DATA SHOWN:
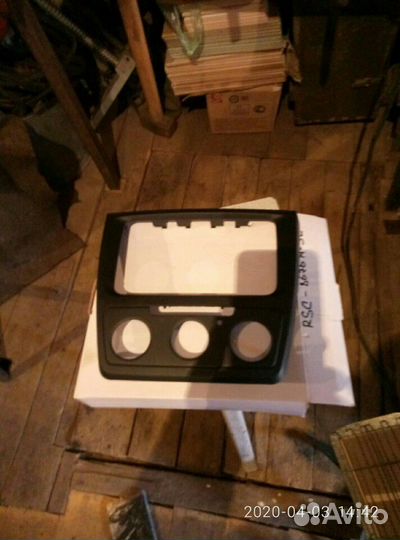 Переходная рамка 2дин шкода йети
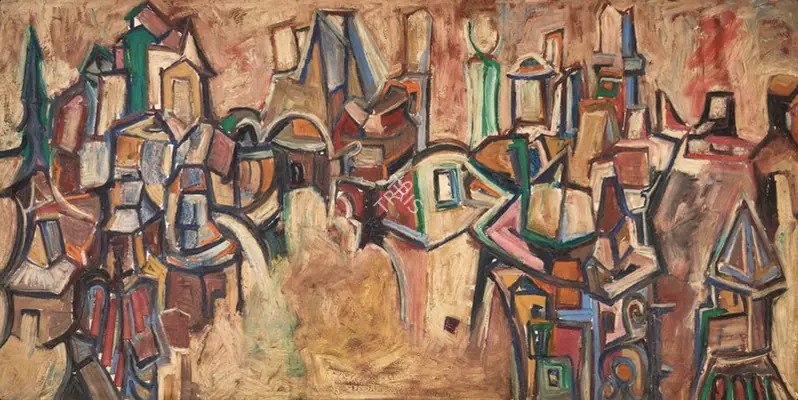 Bakre, S.K. (Artist). Untitled. Oil on board, 1963 | Painting | EconomicsArt | 00870665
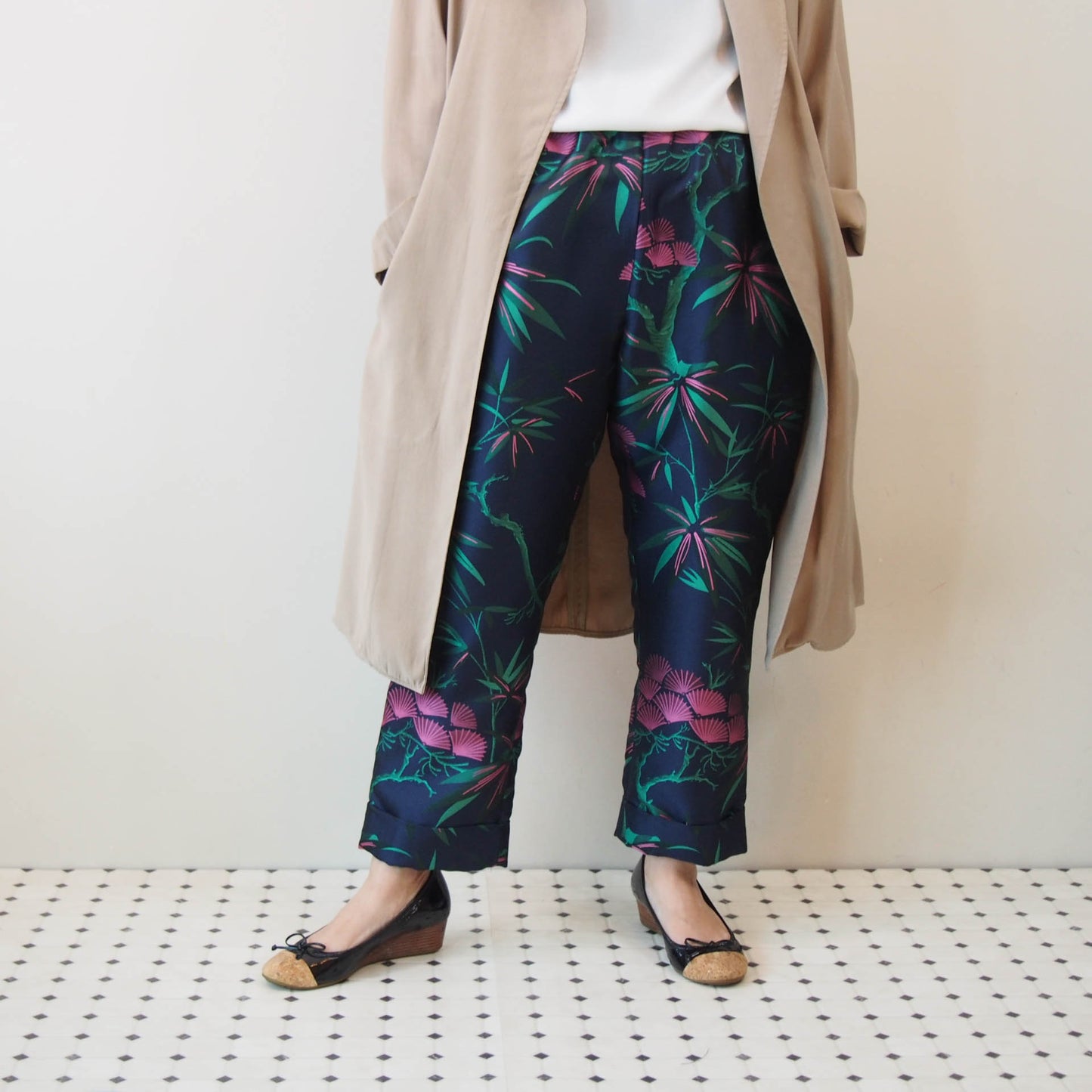 <S18-007> KABUKI Trousers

ACTIVITY: Write out exactly the lines from the line that contains "Bakre, S.K. (Artist)." to the last line of the material above, both included; pictures do not belong in the copy.

OUTPUT:
 Bakre, S.K. (Artist). Untitled. Oil on board, 1963 | Painting | EconomicsArt | 00870665
 <S18-007> KABUKI Trousers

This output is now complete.